Travel should be educational, and we learned in the Boetcherstrasse, from the Robinson Crusoe house, that Daniel Defoe’s fictional character Robinson Crusoe had a father who came from Bremen. How that translates into house that is supposedly Robinson’s is a mystery! Neither June nor I knew of this Bremen connection; obviously the donkey, dog, cat, and rooster have better publicists, since even though they never got to Bremen, they have made sure that every German child grows up knowing there is a Bremen, and where it is.
The final stop on the tour of the historic area was the Church of Our Dear Lady, another former Roman Catholic, now Lutheran, church of roughly the same age as St. Peter. It’s main distinction is that all the windows are by a modern Bremen glass artist, and are very beautiful, in very distinct colours. They are abstract depictions of the church year, but although I could relate to the main window "depicting" Pentecost, the others simply didn’t compute – but they are still worth seeing!
Then a drive of about 50 km up the Weser river, although it is not visible from the Autobahn, to Bremerhafen, the harbour of Bremen, and the source of its wealth. The old harbour has become mostly a park and museum of German shipping, and all the actual harbour operations have moved further north, down the Weser river. There is a very active container port, and an automobile port; every German-built car that is exported to a place you can’t drive to is shipped through here. Most of the shore is public, even if one can’t drive along all of it, one can walk along the top of a flood protection dike that runs all along the river. Along that are restaurants, and even a new zoo. No longer there is the quay through which most of the German emigration of the 40’s, 50’s and 60’s passed (including my family and I in 1953). There is a German emigration museum, which we didn’t have time for, but the quay itself has been replaced by a shopping centre on one side of the harbour road, and on the other side, connected to the shopping centre by a perhaps 10 ft diameter glass tube with a walk-way in it is a futuristic entertainment complex that is totally covered with reflecting glass plates, and looks a bit like the offspring of the illict relations of a jellybean and a flying saucer. There is alson another upscale shopping complex(very upscale – June spotted a manikin with a very nice linen suit in black and white on it, and was disappointed when I pointed out that if you added up the prices for the jacket, slacks, belt and matching purse, you’d get very little change – about 4 Euro - from 1600 Euro, about $2500).
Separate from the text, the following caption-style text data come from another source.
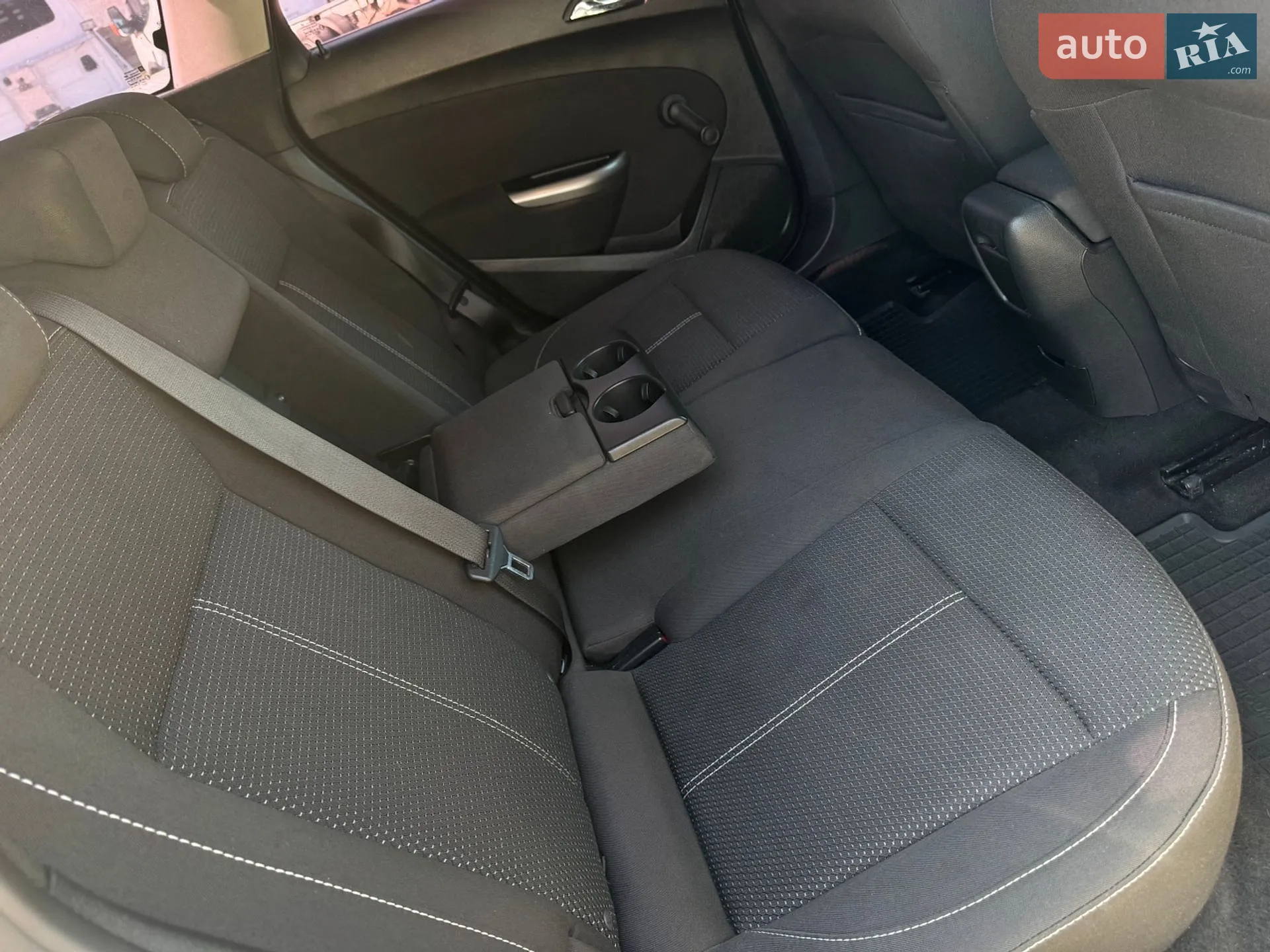 2011 Opel Astra - мініатюра 36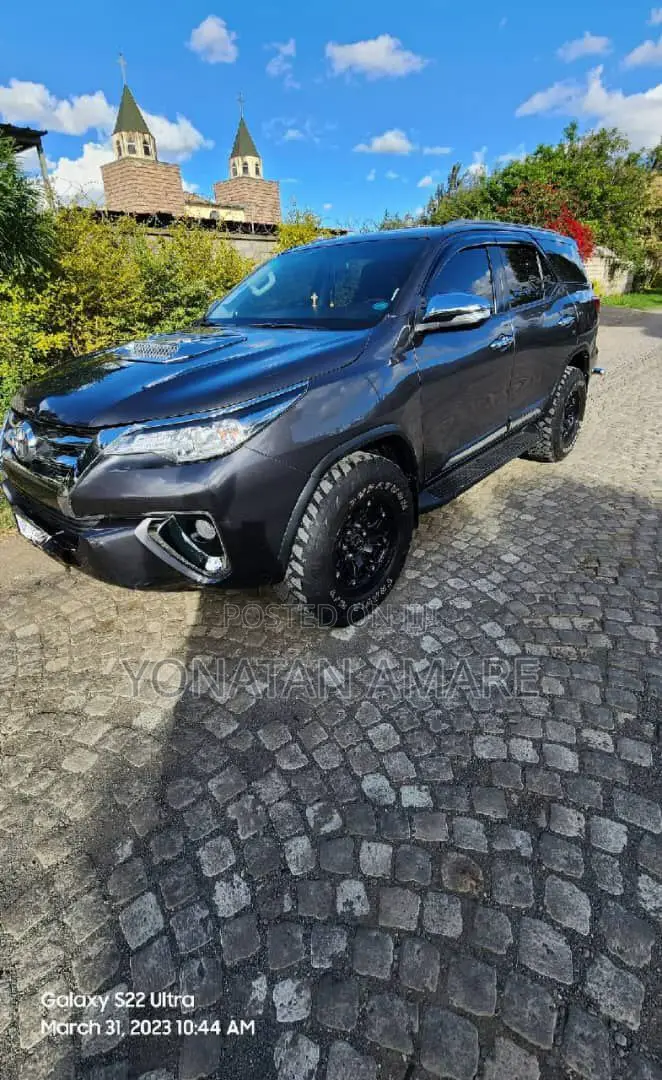 Toyota Fortuner 2017 Gray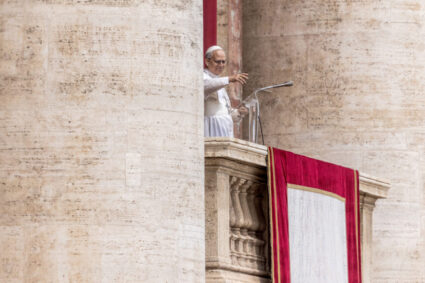 papa-leon-va-inaugura-turnul-sagrada-familia-din-barcelona-si-se-va-intalni-cu-migrantii-in-timpul-vizitei-sale-in-spania,-in-iunie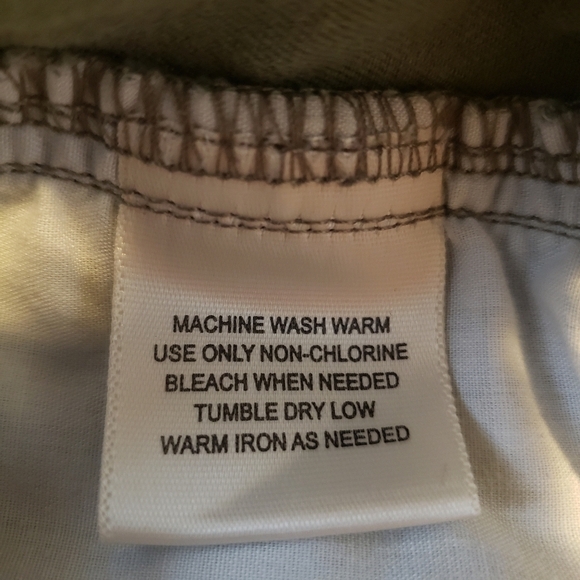 St. John’s Bay Chino Shorts Olive Green Women's 10 Nuetral Everyday Summer EUC - Picture 6 of 9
This complex has been styled inside as an Italian set of streets (complete with warm Mediterranean air and smells), including an airy piazza with ice cream shops. The futuristic look is completed by a new Atlantic Hotel and Conference Centre that manages to look simultaneously like a sail and a ship’s bridge.
Again, another waterfront (we’ve seen so many of them now, all over the world) which has been creatively turned into a beautiful space, accessible to the public, and with a variety of uses. (Hamburg was the same; most of the old docklands are being turned into multi-use buildings, which in the end will increase the population living in the city centre by 40,000.) And in Toronto, all they can think of is to squeeze in yet another boring-looking condo, until it is quite possible to visit or even live in Toronto, and not know it is a city on a lake! Bah!
After a fish supper (we were in a seaport, after all) we reversed the drive back to our hotel. Tomorrow will be an earlier start, as we leave the North, and drive to Pommersfelden (near Hoechstadt/Aisch, my late father’s home), planning to go through Coburg for a visit to its castle, which has interesting history, including hosting Martin Luther briefly while he was hiding out!